В 11 часов утра шведское командование получило условия капитуляции в письменном виде, за подписью Меншикова. «Аккорд» был изложен по-немецки и содержал шесть пунктов, из которых последний был вставлен в виде дополнения в самом конце документа, что говорило о поспешности, с которой велись переговоры.
В первом пункте заявлялось, что войско под командой Левенгаупта, а также все прочие люди, к нему принадлежащие, отдаются в плен Его Царскому Величеству.
Во втором пункте рядовым предписывалось, сдав все оружие, стать военнопленными с возможностью последующего обмена или выкупа. Впрочем, личное имущество, кроме оружия, боеприпасов и лошадей, им разрешалось сохранить. Офицерам позволено было сохранить и коней.
Согласно пункту третьему, всем шведским офицерам дозволялось полностью сохранить свое обозное имущество, а по заключении мира их должны были отпустить на волю без размена или выкупа.

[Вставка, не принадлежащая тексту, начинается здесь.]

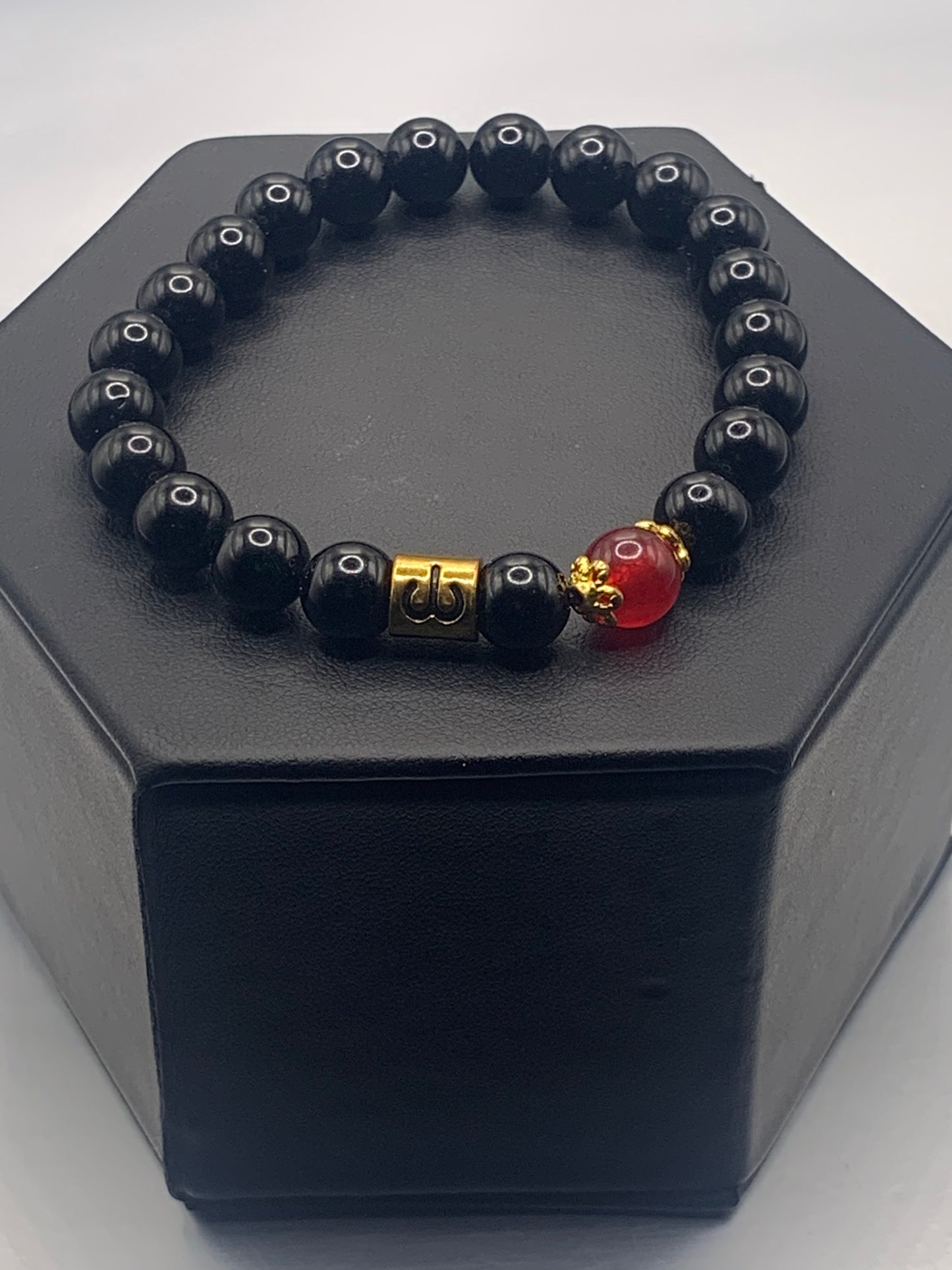 Aries Zodiac black obsidian with red chalcedony semi precious stone/crystal elastic beaded bracelet with gold accents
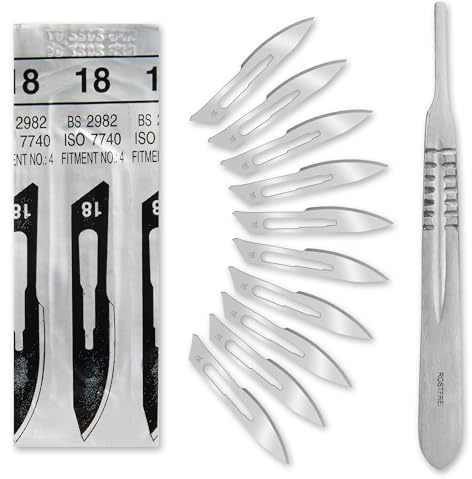 Set - 50 Stück sterile Skalpellklingen Figur 18 aus Karbonstahl - Ersatzklingen + 1 x Shehadeh - Skalpell-Halter - Edelstahl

Помимо всего прочего офицерам обещали, что они «будут содержаны честно» и получат позволение отлучаться на время «под честной пароль».
В четвертом пункте устанавливалось, что артиллерия, боеприпасы, знамена и штандарты, музыка и казна целиком переходят к царю.
Пятым пунктом шведы обязались выдать русским всех запорожцев.
В шестом, последнем, пункте, который, как уже говорилось, был добавлен в виде приложения, всему командному составу давалась возможность сохранить своих служителей, а также оговаривалось, что высшие статские чины – комиссары, аудиторы, секретари и полковые пасторы – могут, наравне с офицерами, удержать свои багажи и служителей.
Спешка при проведении переговоров явствует также из того, что Крёйц уже после заключения соглашения вспомнил о выдаче солдатам из казны месячного жалованья и попытался добиться и этой уступки.
Русские войска двинулись с обрыва вниз, к застывшим в ожидании шведским силам. Теперь шведы увидели, что их противник тоже явно выдохся. Трудный марш измотал в русских полках и солдат, и коней. Когда драгунский полк Бауэра спускался по песчаным откосам, юный прапорщик Густаф Абрахам Пипер обратил внимание на то, что в каждом эскадроне валилось от изнурения до двадцати лошадей.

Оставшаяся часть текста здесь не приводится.